● **Exercise**
Give the lines below again, exactly as they stand, and leave out the images.

● **Dataset excerpt**
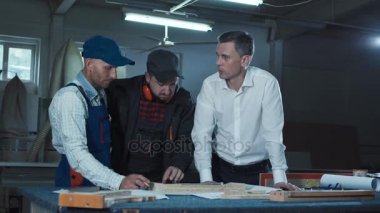 Foreman'ı açıklayan ürün işçiler için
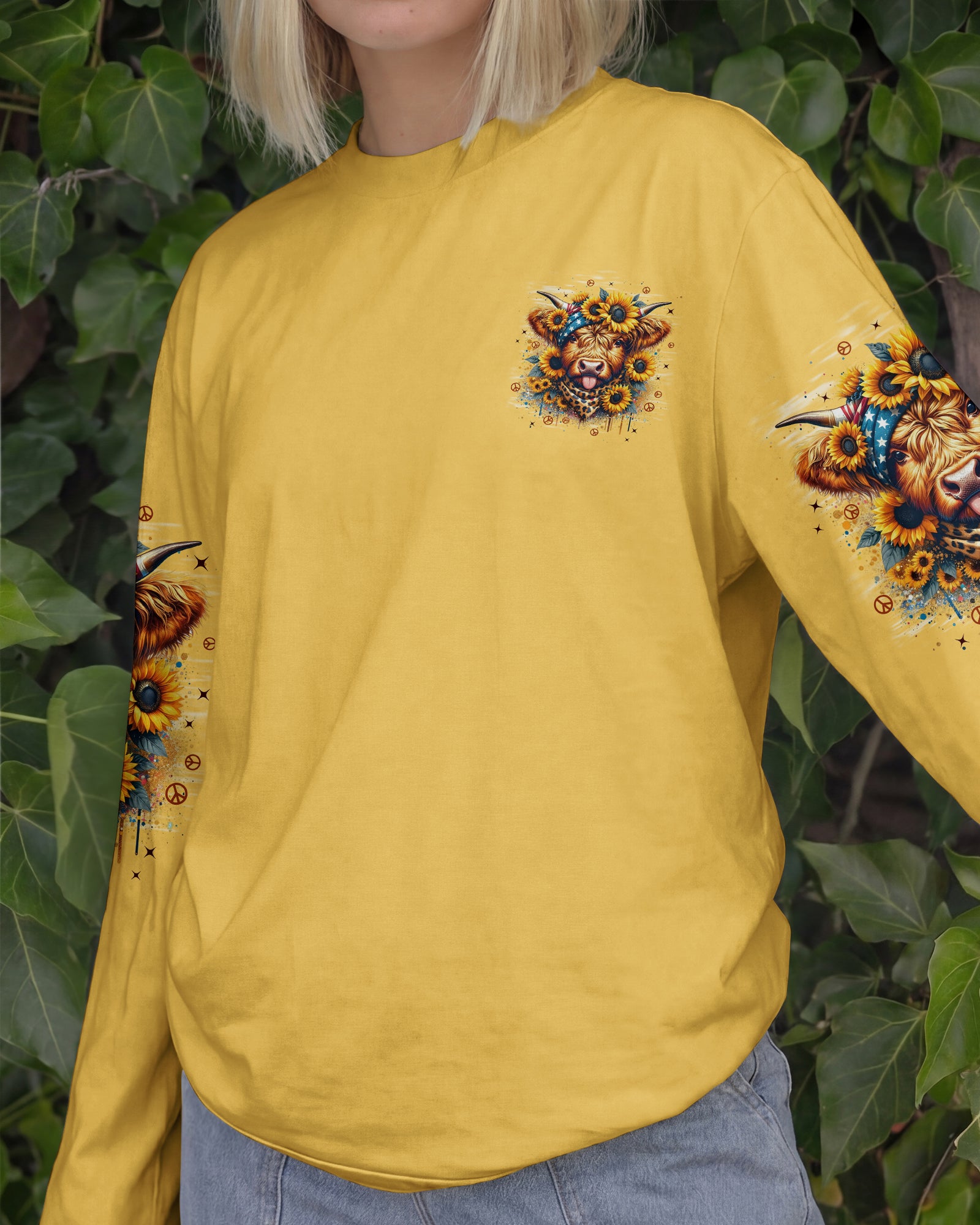 I'M AGGRESSIVELY HELPFUL COW ALL OVER PRINT - TYPQ1301261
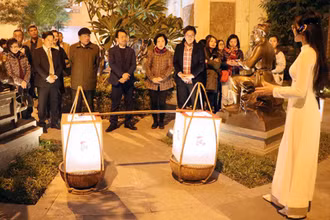 Du khách tham gia tour du lịch văn học “Chữ Tâm chữ Tài” tại Bảo tàng Văn học Việt Nam. (Ảnh TRẦN TUẤN LINH)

● **Response to the task**
 Foreman'ı açıklayan ürün işçiler için
 I'M AGGRESSIVELY HELPFUL COW ALL OVER PRINT - TYPQ1301261
 Du khách tham gia tour du lịch văn học “Chữ Tâm chữ Tài” tại Bảo tàng Văn học Việt Nam. (Ảnh TRẦN TUẤN LINH)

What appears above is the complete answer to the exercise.